Black Literary History
The history of Black American literature is inextricably bound with the narratives of its writers: first the Africans forcibly transported to the American colonies, some of whom gained a measure of freedom in the late 18th century; the native born who pursued and advocated for freedom for themselves and their brethren in the 19th; the tumultuous writers of progress and protest in the 20th; and the dreamers and the galvanized of the 21st. What Brooks writes in her poem about the civil rights activist and concert artist Paul Robeson —“we are each other’s harvest /… we are each other’s / magnitude and bond”—functions as an ethos to this great conversation across time and literature. What does it really mean to be a Black American writer?
Conventional histories of Black American writing begin with Phillis Wheatley (1754–1784), a young woman kidnapped from Africa and educated by her white enslavers. Caught in a complex situation where her ability to truly speak her thoughts was inherently undermined, she nonetheless used her fame as a poet to lobby for abolition and eventually attained her freedom.
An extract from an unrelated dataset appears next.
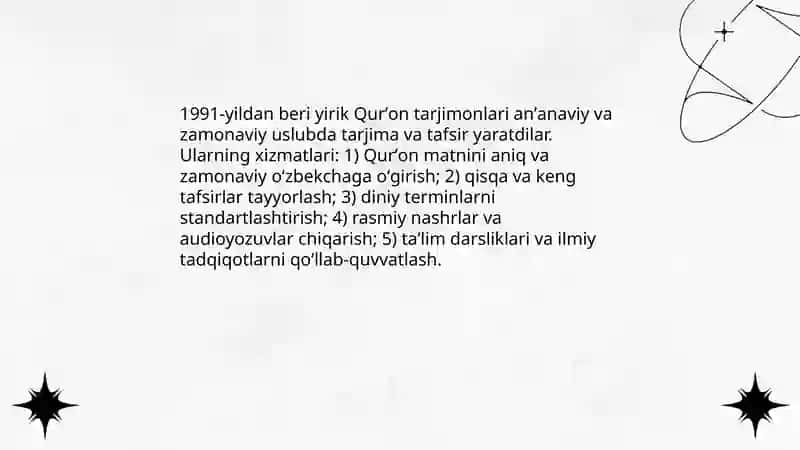 Mustaqillik yillarida Qurʼonning oʻzbek tilida qilinishi va tavsifi 4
Black activists of the 20th century wrote from a different position, but still one in which they were advocating for political equality to white audiences. Countee Cullen (1903–1946) and Alain Locke (1885 –1954) both collected Black writing, Cullen as a historical retrospective and Locke to highlight the generation of the Harlem Renaissance. The volumes speak to one another as a dialogue. The anthologies of Nancy Cunard (1896–1965) and Sterling A. Brown (1901–1989), Arthur P. Davis (1904–1996), and Ulysses Lee (1913–1969) similarly speak to political and artistic activism.